Human Rights Watch (HRW) has from the ground documented 36 unlawful air strikes, named 550 dead civilians who died in them, and documented shrapnel from UK weapons at one such site.

In January, the UN reported 119 indiscriminate attacks on civilians, including strafing by helicopter gunships.

Saudi Arabia’s entry from the sky into Yemen’s civil war in March last year left four in five citizens in need of aid, a health service in ruins, and half of the population on the brink of famine. Under UK arms export law, the government is obliged to block weapons sales to states that are at a “clear risk” of violating international humanitarian law, such as indiscriminate bombing raids.

If the government has evidence of such crimes, a court could find Britain complicit in them.
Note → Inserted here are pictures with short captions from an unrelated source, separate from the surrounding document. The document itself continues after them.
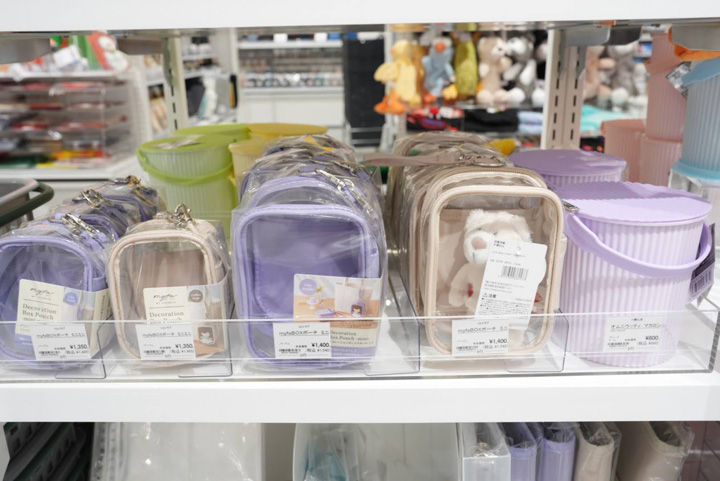 img_item_kotokiji_sub_01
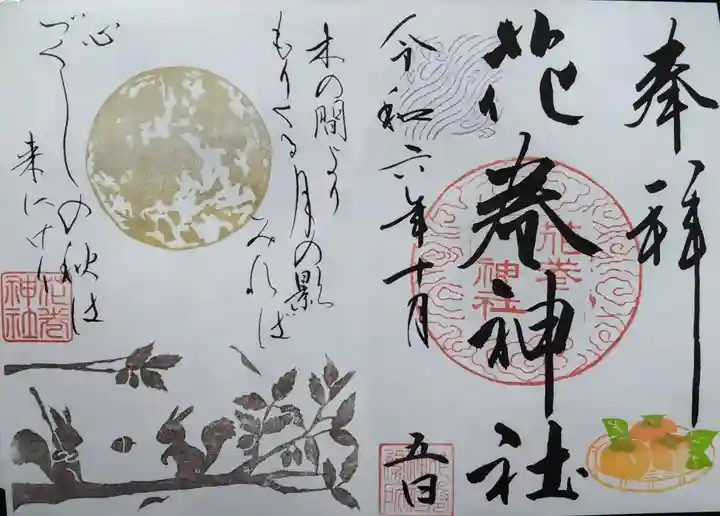 花巻神社の御朱印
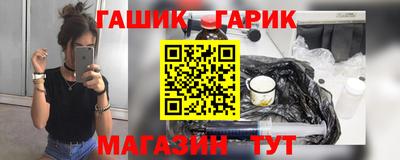 гашишное масло Абакан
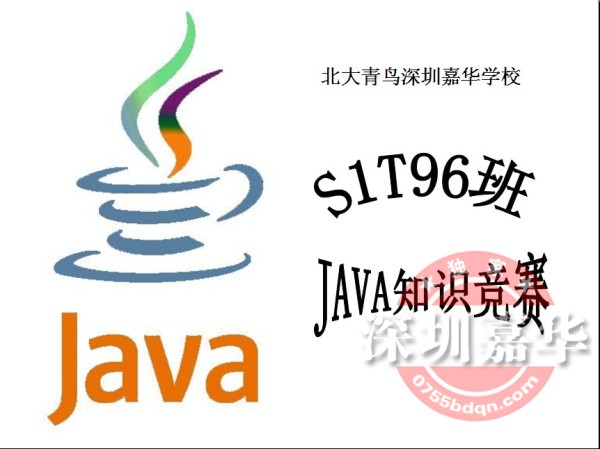 ACCPS1T96班Java 知识竞赛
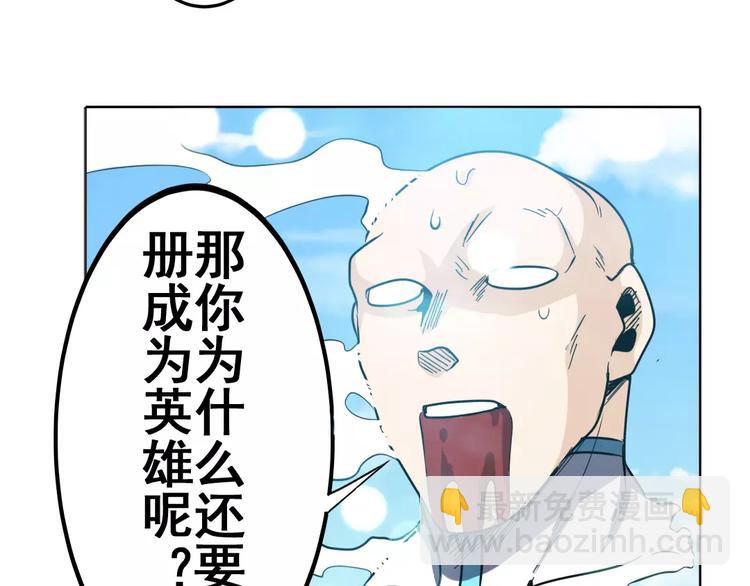 🍜英雄再临（英雄？我早就不当了） 第43话 第48页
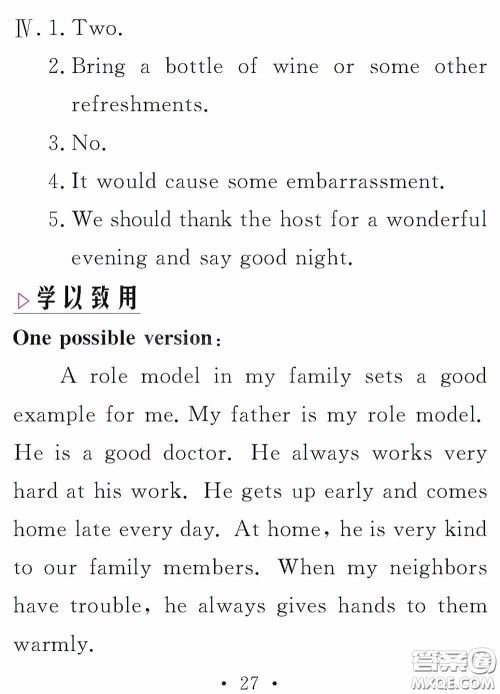 2020天舟文化精彩暑假八年级英语答案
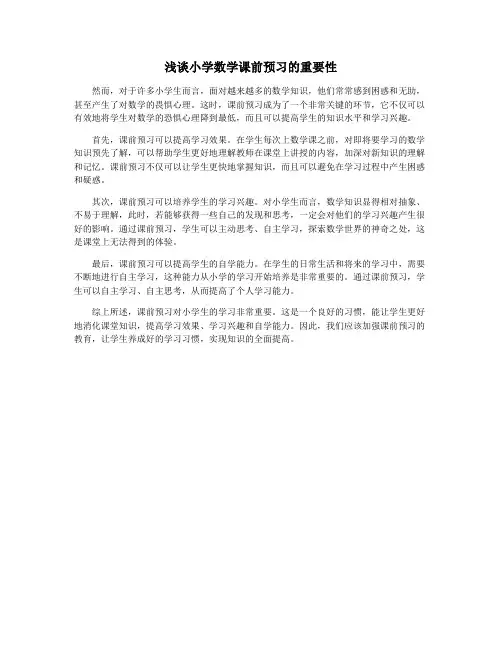 浅谈小学数学课前预习的重要性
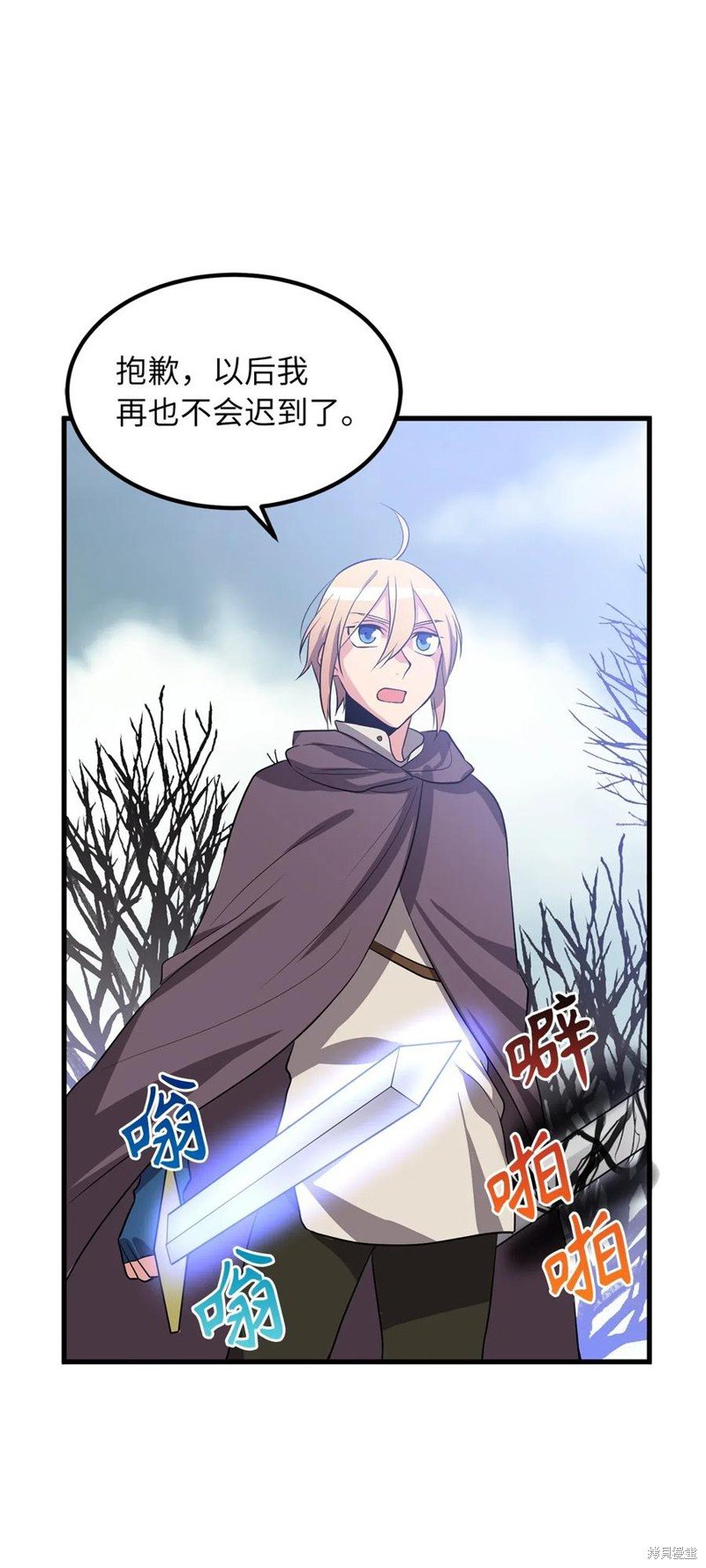 第69话
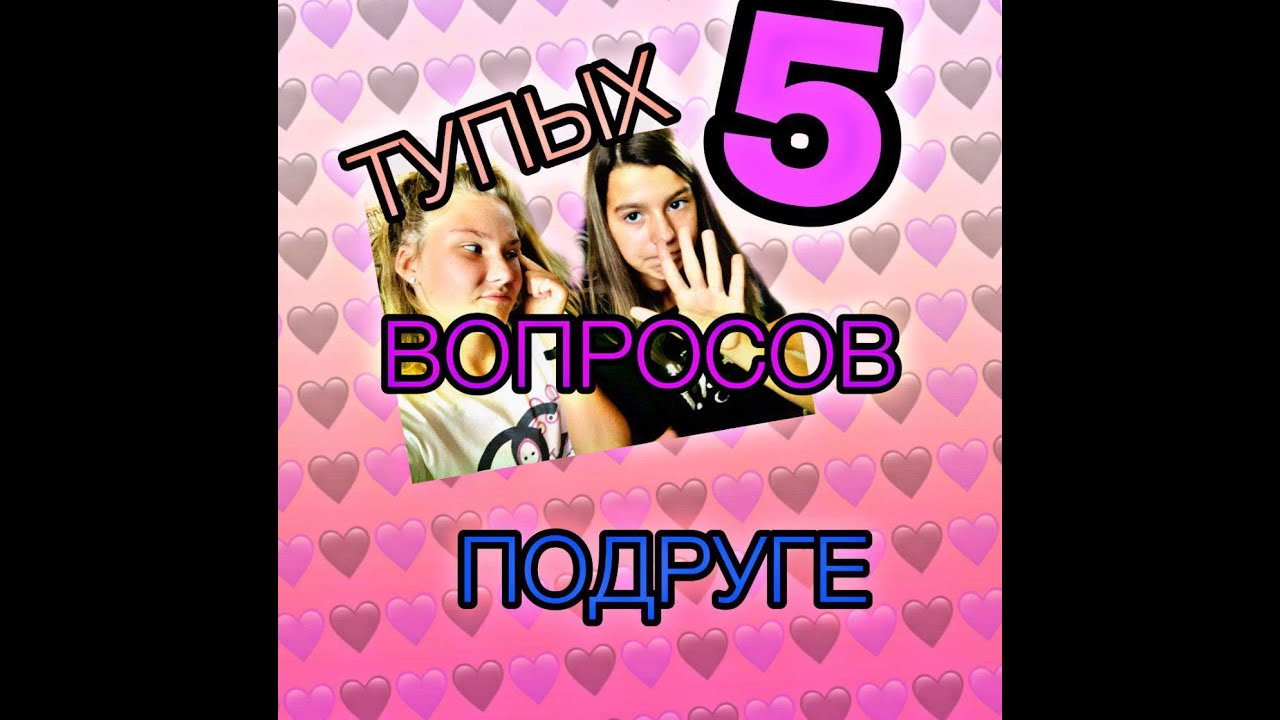 Генератор тупых вопросов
If, as the government’s amendments to Hammond’s statements suggest, the UK does nothing to investigate those possible violations, our arms export control laws are not worth the paper they are printed on.

Our arms export control system is designed to stop British weapons from needlessly killing civilians.

It seems as if the government is bending over backwards to subvert these protections to allow private arms companies to continue selling arms to Saudi Arabia – the UK has licenced £2.8bn worth of arms to the House of Saud since its bombing campaign began in March 2015.

I hope the Committees on Arms Export Controls publishes its report on British arms sales to Saudi Arabia quickly. Its members may be able to wait until after their summer holidays before they issue advice to the government – but the long-suffering people of Yemen cannot.